Formats

This section explains the input and output formats.

Overview

The basic file format within DiViMe is a modified form of rttm, which is standard in key diarization tasks, and which allows us to evaluate most tools using a standardized evaluation routine. The different ways of using this same general format are explained below.

Many users, however, will be interested in knowing how to convert into and out of this format into something that is more commonly used for annotation. DiViMe includes routines to convert from any .TextGrid file (produced by the program Praat); from any .cha file (produced by the program CLAN); and from .eaf files (produced by the program ELAN) that have been generated using the ACLEW Annotation Scheme template. Users who rely on a different program (or for .eaf, on a different template) are advised to use the tools in their program or similar others to convert into one of these, or directly into the rttm format explained further below. We also provide code to convert the .its files outputted by the LENA(R) software, so you can evaluate them against your own coding and/or DiViMe’s output.

The following subsections explain how to convert from each of these input formats into a basic reference rttm.

Input: TextGrid

Our process assumes that you will have the speech of each talker diarized in a different tier, using filled intervals when the person is talking, and empty intervals when they are not talking.

Notice that all tiers count, so if you have some tiers that are non-speech, you should remove them from your textgrids before you start. For example, if you have three tiers associated with a talker, coding e.g., what they say, how they say it, and to whom, you should remove 2 of these three tiers, because otherwise each of these tiers will be treated as a different talker.
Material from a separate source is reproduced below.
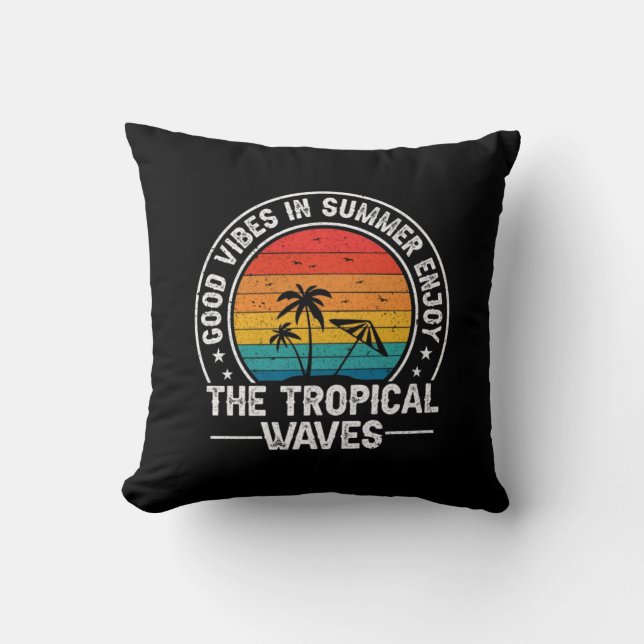 Coussin Vibrations positives d'été Vagues tropicales (Recto)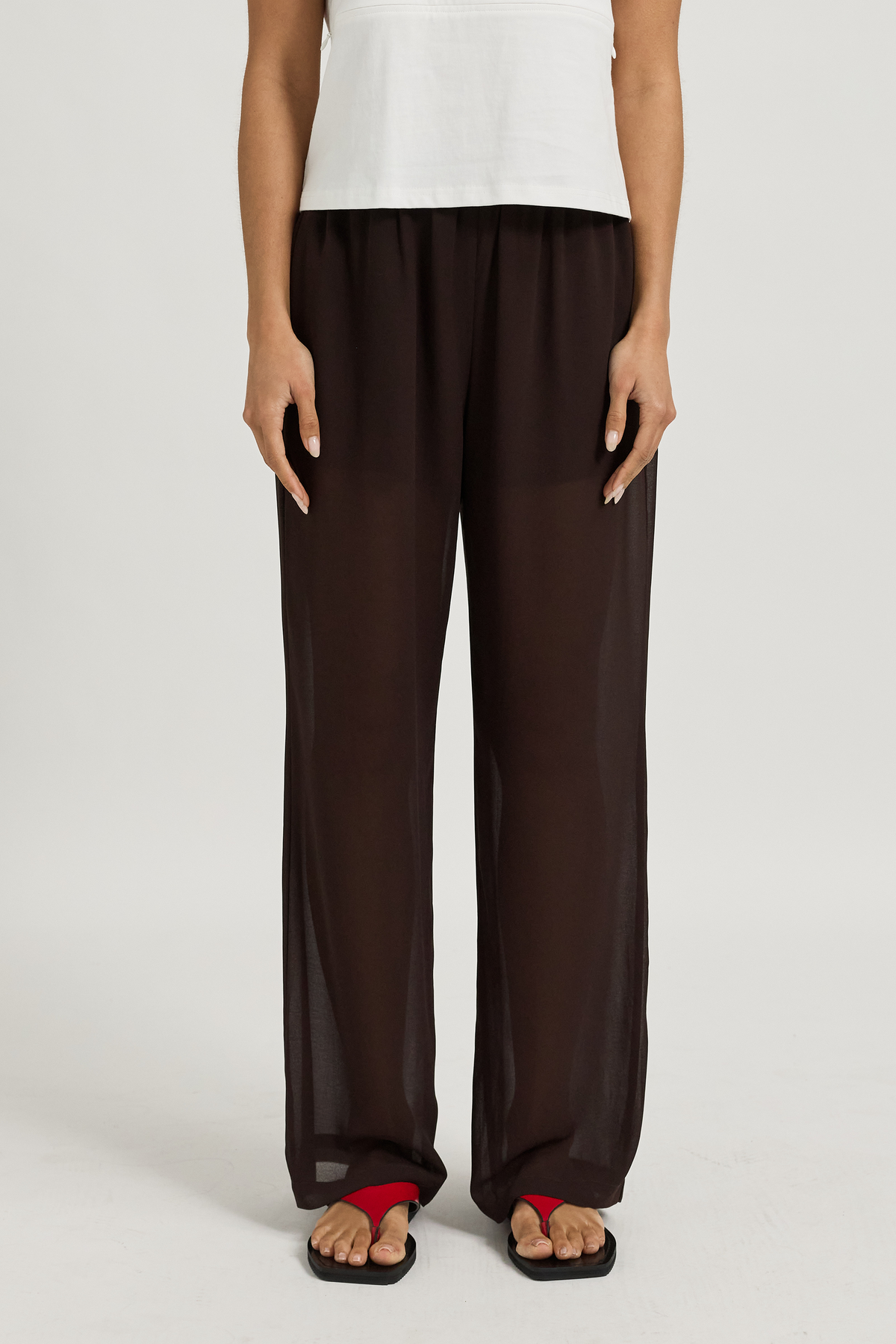 Zoi Sheer Wide Leg Pants - Chocolate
Furthermore, any interval that is empty will be seen as not containing vocalizations from that speaker. Thus, if your coding is sparse (i.e., if you have a day-long recording, but have only coded some clips here and there), then you should extract the audio clips and annotations for the sections that have been coded, and not process the whole day-long recording. (If you do, then your evaluation will be off, because all the speech found in sections you have not coded count towards false positives, as if the system had found speech when none was there.)

Additionally, the name of the tier is what will be taken to be the speaker’s name. Therefore, if you have tiers that code speech by a speaker but are named differently, change the tier’s name before starting. In fact, some of the tools assume a specific set of names, and thus the tool’s output can only be properly evaluated if you use those names. In particular, the child wearing the recording device should be called “CHI”. Other children should be called “XC0”, where the X is the child’s sex (F for Female, M for Male, U for uncertain/undecided/unknown) and 0 is a number 0-9 to identify a unique child. Similarly, adults should be called “XA0” where the X is the child’s sex (F for Female, M for Male, U for uncertain/undecided/unknown) and 0 is a number 0-9 to identify a unique adult. Further, you can also define “XU0”, a person of unknown age; and “EE0,” a voice from a non-human source, such as a toy, radio, or TV.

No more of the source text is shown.